Return an exact copy of the lines from the one holding "Lässige Herren-Loafer aus" to the end of the data, including both the starting and final lines. Leave the pictures out.

***** RECORDS PROVIDED

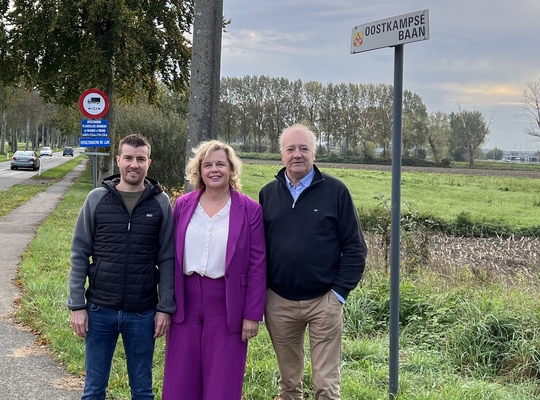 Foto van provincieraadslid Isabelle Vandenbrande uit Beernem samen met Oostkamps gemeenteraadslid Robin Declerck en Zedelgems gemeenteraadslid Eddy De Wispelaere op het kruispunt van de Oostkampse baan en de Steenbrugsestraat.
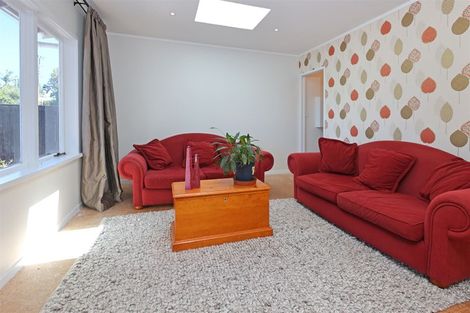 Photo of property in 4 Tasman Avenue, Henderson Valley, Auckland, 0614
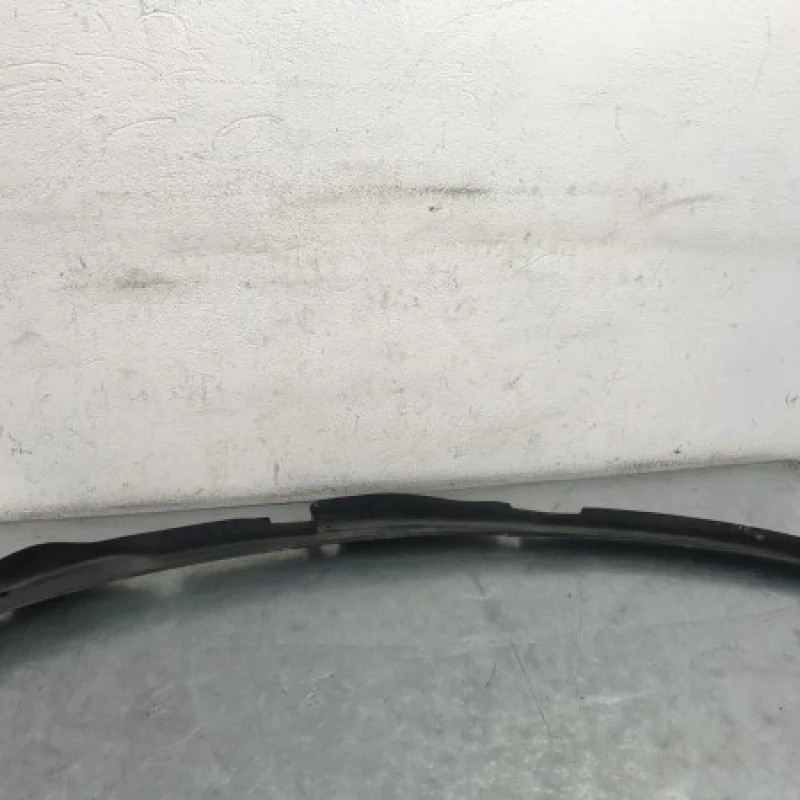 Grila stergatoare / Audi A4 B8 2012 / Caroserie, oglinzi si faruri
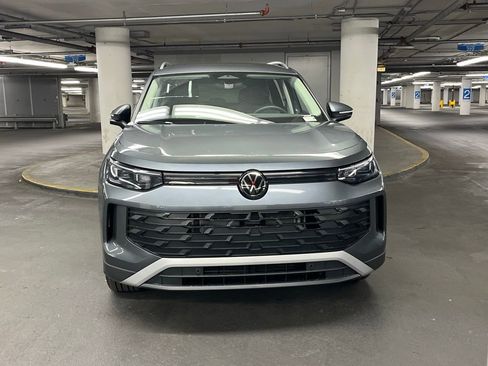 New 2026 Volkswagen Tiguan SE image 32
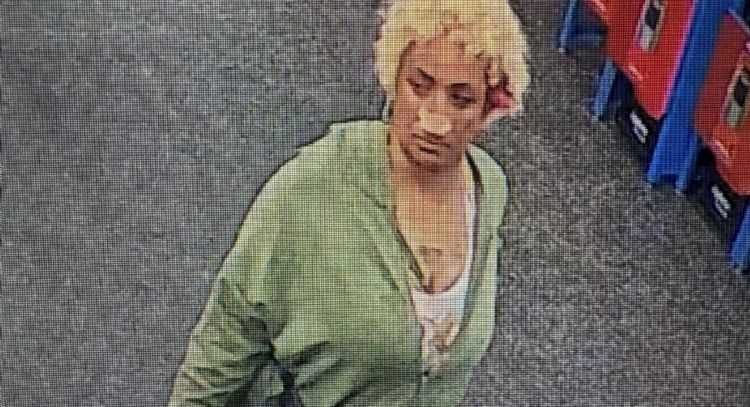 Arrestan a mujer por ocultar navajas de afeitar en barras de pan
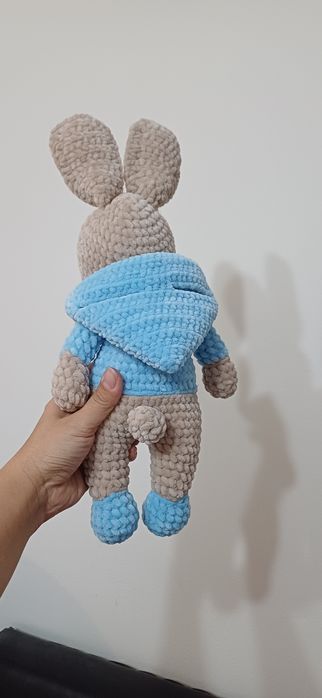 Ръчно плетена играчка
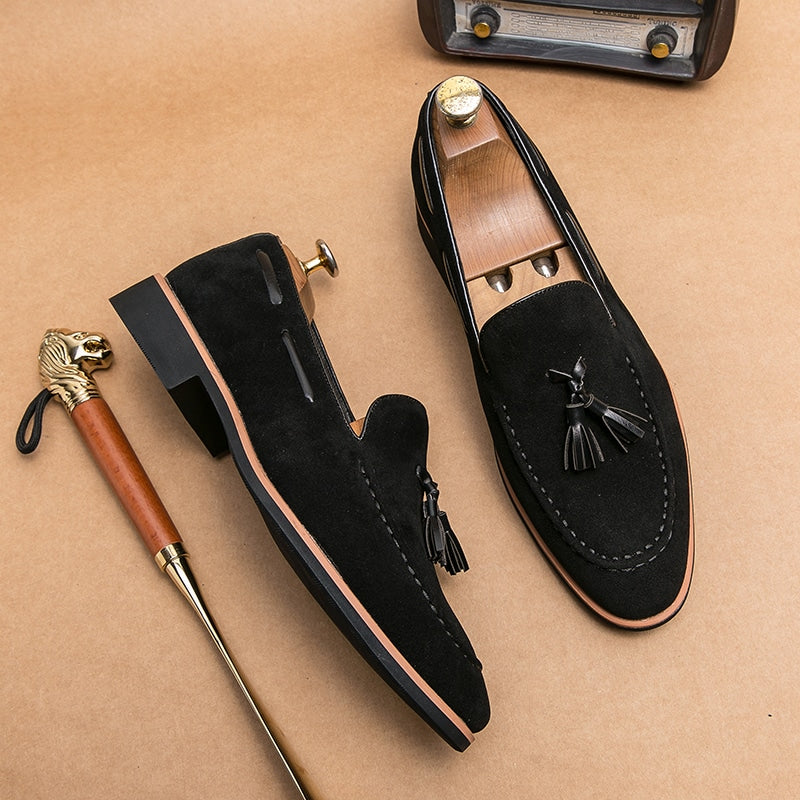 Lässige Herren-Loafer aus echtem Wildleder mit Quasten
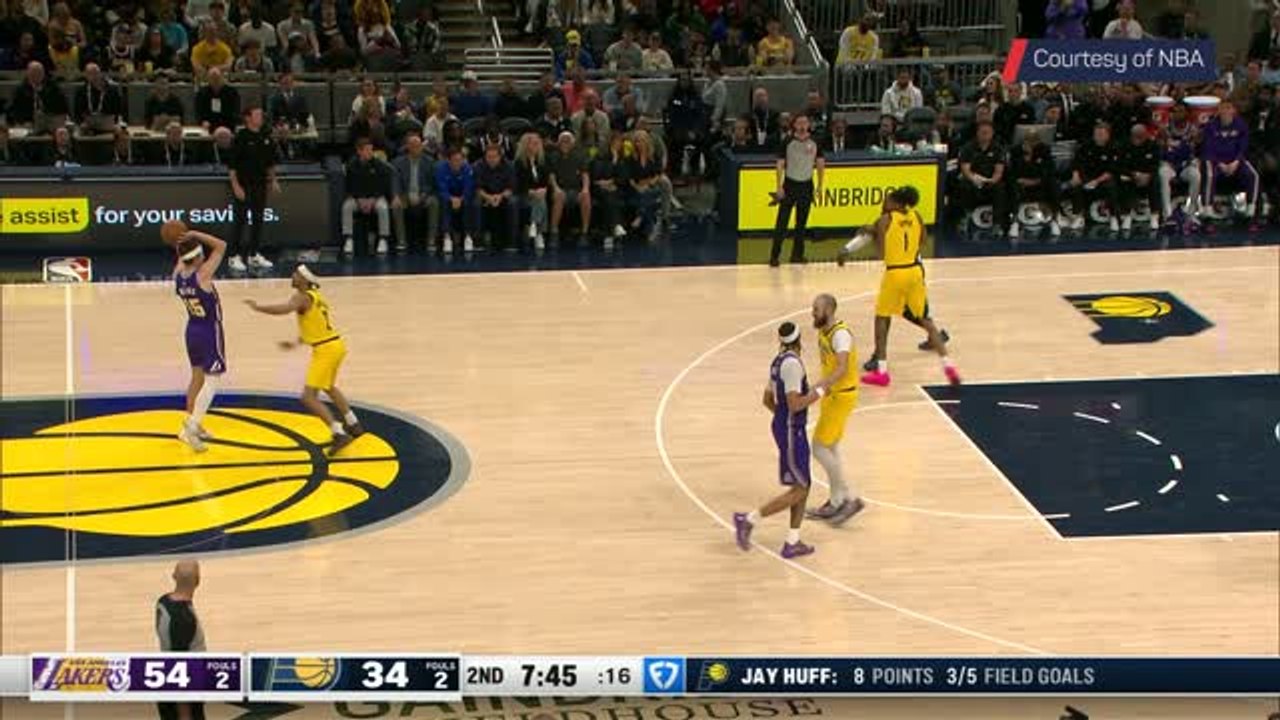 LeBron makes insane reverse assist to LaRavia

**********

> **SOLUTION FOR THIS EXERCISE**:
 Lässige Herren-Loafer aus echtem Wildleder mit Quasten
 LeBron makes insane reverse assist to LaRavia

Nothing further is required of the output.